Monnoyer (p. 49-51).

Culture.

Je ne parlerai ici de la culture que sous le rapport de l’étendue des terres cultivées ; je parlerai ailleurs des plantes qui en font l’objet, et je donnerai une idée des établissements destinés à leurs diverses préparations.

Les terres sont mesurées par carrés, et le carré contient, si je ne me trompe, cent toises de côté.

Le tableau suivant peut à cet égard satisfaire la curiosité.

CARRÉS DE TERRE PLANTÉS.
En canne à sucre à la Guadeloupe proprement dite 6,149
à la Grande-Terre 9,888
En cafiers à la Guadeloupe 2,145
à la Grande-Terre 2,576
En coton à la Guadeloupe 368
à la Grande-Terre 2,295
En cacao à la Guadeloupe 51
à la Grande-Terre 9
En vivres à la Guadeloupe 938
à la Grande-Terre 1,298
En manioc à la Guadeloupe 1,536
à la Grande-Terre 2,046
En savanes à la Guadeloupe 5,986
à la Grande-Terre 7,989
Total des terres cultivées 43,274

On compte à la Guadeloupe proprement dite 143 manufactures à sucre et 243 à la Grande-Terre ; dans cette dernière, on ne voit que des moulins à vent ou à bêtes ; dans la première, tous les moulins marchent par l’eau ; mais si l’eau manque à la Grande-Terre, on y a un avantage qu’on n’a pas à la Guadeloupe, c’est que presque partout on peut se servir de la charrue pour labourer la terre, en sorte que toutes choses d’ailleurs égales, il faut à la Grande-Terre beaucoup moins d’esclaves qu’à la Guadeloupe, où l’on est obligé de faire labourer à la houe.

La Guadeloupe a 52 manufactures à café, 63 à coton, 8 à cacao, et 95 à vivres.

La Grande-Terre en a 333 à café, 205 à coton, 8 à cacao, 93 à vivres.

Sur les habitations à vivres, on ne cultive que des légumes, des fruits et des racines de toute espèce ; on y élève des vaches pour en vendre le lait.

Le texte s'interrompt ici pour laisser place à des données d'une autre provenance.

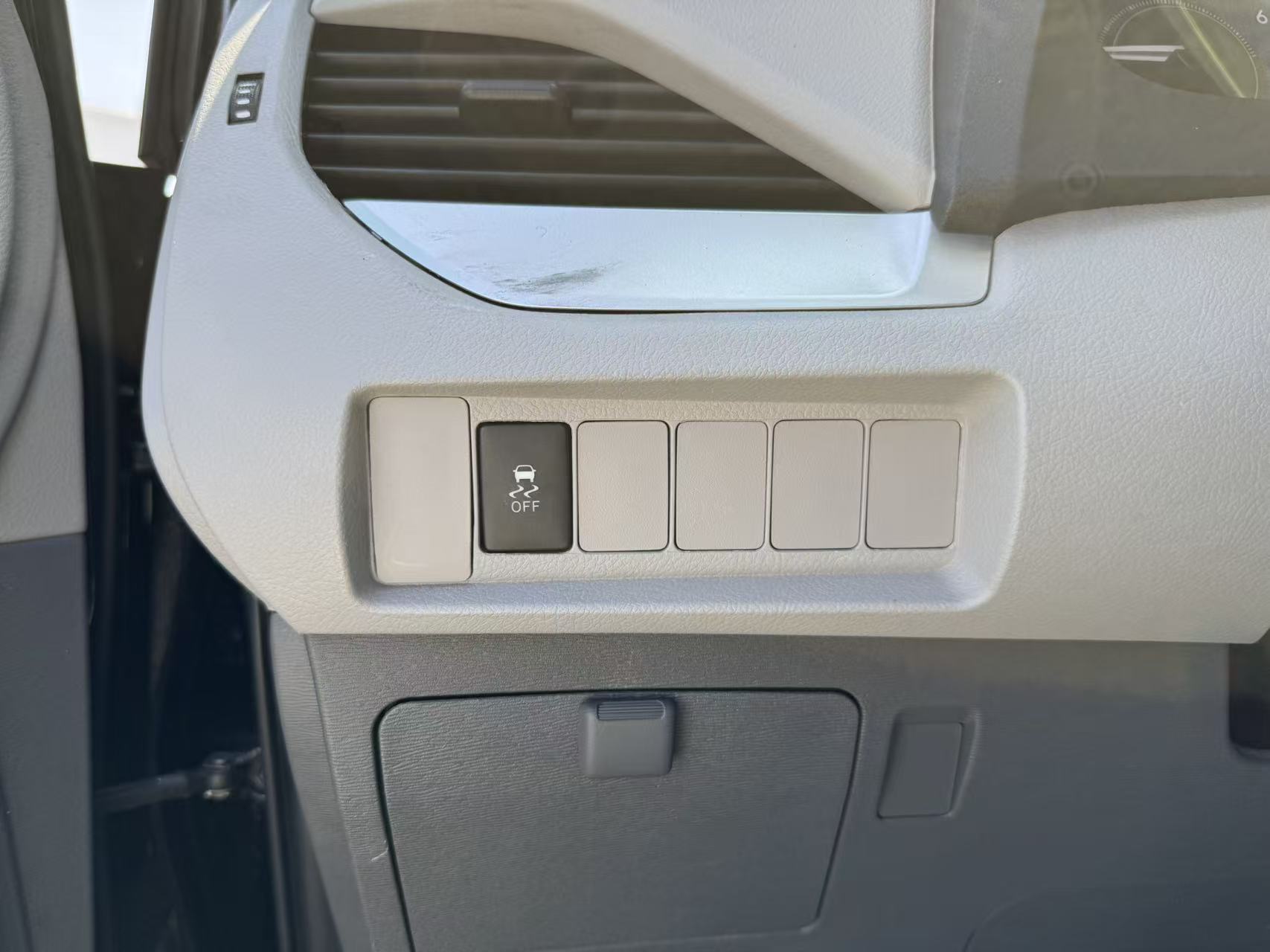 2020 Toyota Sienna L - Photo 13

Quoique les pâturages soient très-abondants, les vaches ne donnent du lait qu’en très-petite quantité, et ce lait ne fournit que très-peu de crème ; aussi ne fait-on pas de beurre ; ce sont ces habitations qui approvisionnent les marchés ; les autres habitants ne font sur leurs terres que les vivres nécessaires pour leur maison.

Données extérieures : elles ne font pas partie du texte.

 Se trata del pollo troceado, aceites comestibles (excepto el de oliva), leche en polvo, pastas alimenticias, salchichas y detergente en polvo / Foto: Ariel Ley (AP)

Tout le monde n’est pas riche ; mais, par un sot et vain orgueil, tout le monde veut le paraître ; et, à la Guadeloupe comme partout ailleurs, tel qui n’a que le nécessaire veut rivaliser de luxe avec tel autre que l’aveugle fortune a comblé de ses dons ; le goût du luxe et d’une brillante toilette tourmente principalement les femmes ; or, pour le satisfaire, voici comment s’y prennent la plupart de celles qui n’ont que bien juste de quoi fournir aux dépenses de leur maison ; dès l’aube du jour, elles envoient sur les chemins une domestique de confiance acheter, des nègres qui descendent des habitations, une certaine quantité de vivres qu’elles ont, par ce moyen, au-dessous du cours ; cette domestique va de là s’établir sur la place du marché, et, en détaillant ces vivres, fait un bénéfice quelconque ; et c’est ce bénéfice qui procure à madame ou à mademoiselle cette ceinture, ce fichu d’un nouveau genre, cette robe d’un goût tout moderne, etc. ; c’est ce bénéfice qui rafraîchit les plumes ou les fleurs de ce beau chapeau de paille fine d’Italie qui orne si gracieusement sa tête et la protège contre les ardeurs d’un soleil des plus ardents, qui ne respecte rien.